The use of intra-articular injections (IAs) in the treatment of osteoarthritis (OA) has gained wide popularity in recent years. The relatively low cost, rapid and simple method of pain relief are its main advantages.[1] However, most articles have reported insufficient sample size with a varying follow-up period which results in difficulty in formulating and implementing clinical recommendations.
Seventy-nine randomized controlled trials (RCTs) with 8,761 patients were included in a meta-analysis.[2] Intra-articular injections evaluated included autologous conditioned serum (ACS), bone marrow aspirate concentrate (BMAC), botulinum toxin, corticosteroids (CSs), hyaluronic acid (HA), mesenchymal stem cells (MSCs), ozone, saline placebo, platelet-rich plasma (PRP), plasma rich in growth factor (PRGF), and stromal vascular fraction (SVF). The authors concluded that current evidence indicated that SVF injections resulted in the greatest improvement in pain and functional outcomes in patients with knee OA at up to oneyear follow-up.

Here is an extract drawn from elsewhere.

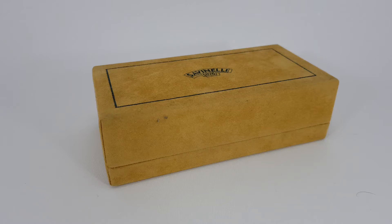Hello, today I'm presenting a special edition Savinelli, which was made for the 125th anniversary of the factory.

Osteochondral lesions are frequently observed and caused by an acute or repetitive traumatic event. The damage of articular cartilage can cause pain, effusion, OA, and joint dysfunction.[3] A study evaluated the effect of adipose-derived SVF on osteochondral defects treated by a combination of microfractures (MFs) and HA-based scaffold in a rabbit model.[3] The authors concluded that it could be used to accelerate cartilage regeneration, thus, in the treatment of secondary OS.
A total of 43 trials involving 5,554 patients were included in another meta-analysis.[4] The authors reported that IA injections of HA or CS were associated with better outcomes than PRP, adipose MSC or placebo in knee OA. Single PRP, multiple PRP, and adipose MSC interventions did not result in a relevant reduction of joint pain nor improvement of joint function compared to placebo. For pain relief and adverse effects, steroids are most likely the most optimal treatment followed by HA.
There is overwhelming information about PRP, BMAC, and MSC, but there are less evidence-based support than media promotions and highlights currently. Low-dose IA steroids for synovitis and highmolecular weight HA injections for dry osteoarthritic knees have more reliable literature support than new orthobiologics.[5]
In an editorial, Bannuru[6] commented that “Intraarticular corticosteroids are useful for acute and short-term pain relief, whereas hyaluronic acid is useful for a longerterm treatment effect for patients with knee osteoarthritis. More rigorous research using homogeneous preparations and techniques and randomizing larger numbers of knee osteoarthritis patients are warranted before recommending any wider acceptance of platelet-rich plasma and stem cell therapies. This is of utmost importance, especially with several new injectables such as anti-nerve growth factor antibodies, Wnt pathway inhibitors, and capsaicin showing promise to enter the market soon.”
Current clinical experience on orthobiologics should be regarded as the first steps for the new concept of musculoskeletal system healing and is still in experimental stage. No definitive conclusions can be established about the effects of PRP in such conditions, since most studies are of low-to-moderate methodological quality and use variable PRP protocols.[7]
In conclusion, the true extent of the benefits of IA injections is still being debated. Intra-articular CSs should not be administered frequently. Biological agents including MSC, BMAC, and PRP may have a great potential, but unrestricted utilization cannot be recommended, as high-quality scientific evidence is still lacking in the modern literature.